How confusing for the kids can you get?
If you want to give kids personal testimony about chastity from someone who has not been chaste, look around the parish for Catholics who have children out of wedlock. We have plenty of them in every diocese. Why do you need an anglican for it? This whole thing is silly. Why confuse kids this way?
I agree with you on the fact that the OP is writing about something that is quite confusing. It doesn’t sound as if she’s a leader, it sounds as if she is just participating in the group. Like I said in my latter post, I think this is something that SHE is dealing with personally.
 
I agree with you on the fact that the OP is writing about something that is quite confusing. It doesn’t sound as if she’s a leader, it sounds as if she is just participating in the group. Like I said in my latter post, I think this is something that SHE is dealing with personally.
Exactly. And these are trained youth leaders? First rule of thumb when dealing with teenagers- say exactly wht you mean. Teenagers by virtue of being teenagers are confused and confusing enough already. They rely on their youth leaders to be direct, to the point, and simple. Otherwise, they will tune these guys out. Teens still want some adult security.
And if this woman is simply participating in the group, who cares what her past sex life is like? Wow.
 
So now Cathy feels ostracized, she was going to give her personal testimony, but she declined because she felt that she would be speaking about her children as a consequence of pre-marital sex, as an unwanted event, when the opposite is true for her. They are her life. On top of that, she proclaims if she had to do it all over again she would not change a thing, because it made her the person she is today.
I think you should point out that while the Church does not ostracize children born out of wedlock, such children pay a heavy price in society.

Out-of-wedlock and single parent children are more likely to drop out of school, take drugs, commit crimes and perpetuate the cycle of poverty than children born into wedlock and raised by both parents.

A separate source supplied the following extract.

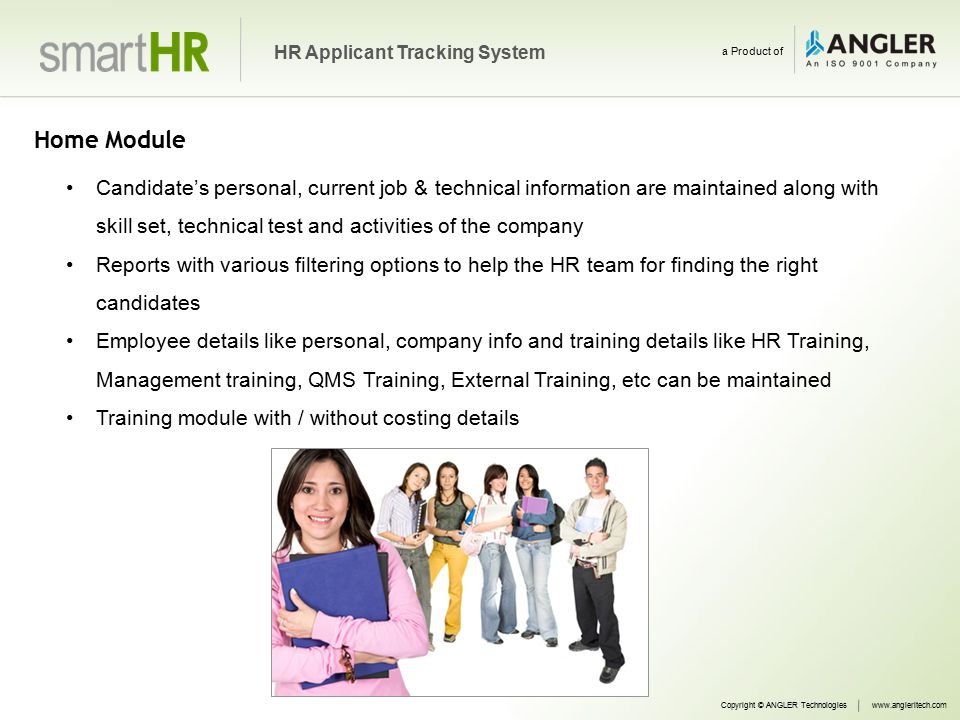 Home Module Candidate’s personal, current job & technical information are maintained along with skill set, technical test and activities of the company Reports with various filtering options to help the HR team for finding the right candidates Employee details like personal, company info and training details like HR Training, Management training, QMS Training, External Training, etc can be maintained Training module with / without costing details Copyright © ANGLER Technologieswww.angleritech.com HR Applicant Tracking System a Product of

Now there are exceptions – and Cathy is obviously one. But she should not encourage others in that direction.
 
I think you should point out that while the Church does not ostracize children born out of wedlock, such children pay a heavy price in society.

Out-of-wedlock and single parent children are more likely to drop out of school, take drugs, commit crimes and perpetuate the cycle of poverty than children born into wedlock and raised by both parents.

Now there are exceptions – and Cathy is obviously one. But she should not encourage others in that direction.
I don’t think she is speaking to encourage people to make the same mistakes as she has or even say that it is acceptable, I think her (name removed by moderator)ut on the topic of chastity may be helpful. There may be youths feeling or going through some of the same things she has in the past. Maybe from her experiences she can offer advice on the “best” option that follows Catholic belief and faith. But, as for this thread, it looks a bit troll-ish to me.